Weakness: The user experience gap is real. In organisations where security teams can mandate tool usage, Keeper’s admin strengths outweigh its UX weaknesses. In organisations where adoption is voluntary or cultural, the UX gap undermines uptake.
Bitwarden Business
Bitwarden is the open-source option, and being open-source is its most important feature. The entire codebase is publicly auditable, which provides a level of security transparency that proprietary alternatives can’t match. For organisations that don’t fully trust closed-source security tools (a reasonable position), Bitwarden offers verifiable security.
Self-hosting is available.

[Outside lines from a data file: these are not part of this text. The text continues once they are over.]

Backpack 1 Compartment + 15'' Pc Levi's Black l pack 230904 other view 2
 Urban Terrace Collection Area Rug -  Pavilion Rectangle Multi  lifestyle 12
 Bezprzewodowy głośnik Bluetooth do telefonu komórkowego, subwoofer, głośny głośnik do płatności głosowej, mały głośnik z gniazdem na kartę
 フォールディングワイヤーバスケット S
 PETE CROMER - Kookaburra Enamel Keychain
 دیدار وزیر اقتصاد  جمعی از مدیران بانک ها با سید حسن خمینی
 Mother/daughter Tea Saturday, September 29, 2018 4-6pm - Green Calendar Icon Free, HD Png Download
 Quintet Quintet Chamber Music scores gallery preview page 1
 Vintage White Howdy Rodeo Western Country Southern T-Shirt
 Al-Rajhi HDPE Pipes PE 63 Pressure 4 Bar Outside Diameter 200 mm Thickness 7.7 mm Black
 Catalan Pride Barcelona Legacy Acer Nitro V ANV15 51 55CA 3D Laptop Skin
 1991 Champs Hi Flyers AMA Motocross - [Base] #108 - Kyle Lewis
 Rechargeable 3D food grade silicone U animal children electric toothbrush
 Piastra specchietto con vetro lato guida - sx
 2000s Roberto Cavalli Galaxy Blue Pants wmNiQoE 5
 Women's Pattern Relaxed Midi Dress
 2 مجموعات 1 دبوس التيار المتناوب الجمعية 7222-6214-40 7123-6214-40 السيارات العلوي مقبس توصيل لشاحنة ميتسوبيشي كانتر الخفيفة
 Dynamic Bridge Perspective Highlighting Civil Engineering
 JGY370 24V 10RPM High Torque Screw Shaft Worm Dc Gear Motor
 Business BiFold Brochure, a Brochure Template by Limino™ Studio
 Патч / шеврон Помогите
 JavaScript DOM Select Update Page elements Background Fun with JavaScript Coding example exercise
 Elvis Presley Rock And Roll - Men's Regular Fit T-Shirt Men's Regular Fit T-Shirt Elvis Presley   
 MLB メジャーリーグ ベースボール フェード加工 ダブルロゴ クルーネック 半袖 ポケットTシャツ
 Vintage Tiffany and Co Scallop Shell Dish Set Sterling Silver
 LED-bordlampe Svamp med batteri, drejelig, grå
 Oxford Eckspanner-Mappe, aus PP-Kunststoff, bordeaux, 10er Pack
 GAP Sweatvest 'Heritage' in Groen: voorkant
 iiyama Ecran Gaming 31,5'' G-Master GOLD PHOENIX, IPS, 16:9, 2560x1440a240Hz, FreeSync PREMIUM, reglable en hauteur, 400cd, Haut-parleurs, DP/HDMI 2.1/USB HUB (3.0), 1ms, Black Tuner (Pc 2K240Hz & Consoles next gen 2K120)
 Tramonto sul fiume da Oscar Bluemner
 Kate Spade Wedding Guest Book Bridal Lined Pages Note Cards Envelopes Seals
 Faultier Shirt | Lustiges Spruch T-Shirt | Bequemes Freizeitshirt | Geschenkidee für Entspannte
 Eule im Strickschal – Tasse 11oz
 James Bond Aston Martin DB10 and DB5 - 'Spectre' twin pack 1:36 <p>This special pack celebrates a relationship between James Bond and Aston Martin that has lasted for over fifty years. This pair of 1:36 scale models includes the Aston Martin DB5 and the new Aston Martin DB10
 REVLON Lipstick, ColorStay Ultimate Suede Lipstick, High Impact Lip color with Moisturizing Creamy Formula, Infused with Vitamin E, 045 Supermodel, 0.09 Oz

You can run Bitwarden’s server infrastructure on your own hardware or cloud environment, ensuring that credential data never leaves your control. No other major password manager offers this capability at the business tier. For organisations with data sovereignty requirements or extreme security postures, self-hosting is invaluable.
Admin controls are solid, though not as granular as Keeper’s. Policy enforcement (master password complexity, 2FA requirements), user groups, shared collections with permissions, and event logging cover most enterprise needs.
Directory integration supports Azure AD, Okta, and other SCIM-compatible providers. The setup is more technical than competitors — Bitwarden assumes a degree of administrative capability that consumer-oriented tools don’t.
User experience is functional but minimal. The browser extension works. Autofill works. The interface is clean but spare. It doesn’t have the polish of 1Password or the visual appeal of Dashlane. For technically oriented teams, this is fine. For organisations with non-technical employees, the bare-bones experience may hinder adoption.
Pricing: $4/user/month for the Teams plan, $6/user/month for the Enterprise plan. The most affordable option on this list, and the price difference compounds at scale — a 200-person organisation saves $4,800-9,600/year compared to 1Password or Dashlane.
Weakness: Support is community-first. While paid plans include priority support, the response times and support depth don’t match what enterprise customers expect from 1Password or Keeper. If you need hand-holding during deployment, budget for internal expertise.
The Recommendation
If user adoption is your primary concern: 1Password. The UX is the best, and the product works reliably. Happy users are secure users.
If compliance and audit requirements drive the decision: Keeper. The admin controls and reporting are unmatched.
If budget is the primary constraint: Bitwarden. Excellent security at the lowest cost, especially if you have technical staff to manage it.
If you want a solid all-rounder with extras: Dashlane. The VPN inclusion and Smart Spaces feature make it attractive for certain use cases.
Whichever you choose, actually deploying it matters more than which one you pick. A password manager that sits in 40% of your employees’ browsers is a security liability, not an asset, because it creates a false sense of protection. Plan for training, enforcement, and ongoing monitoring. The tool is the easy part. The organisational change is the hard part.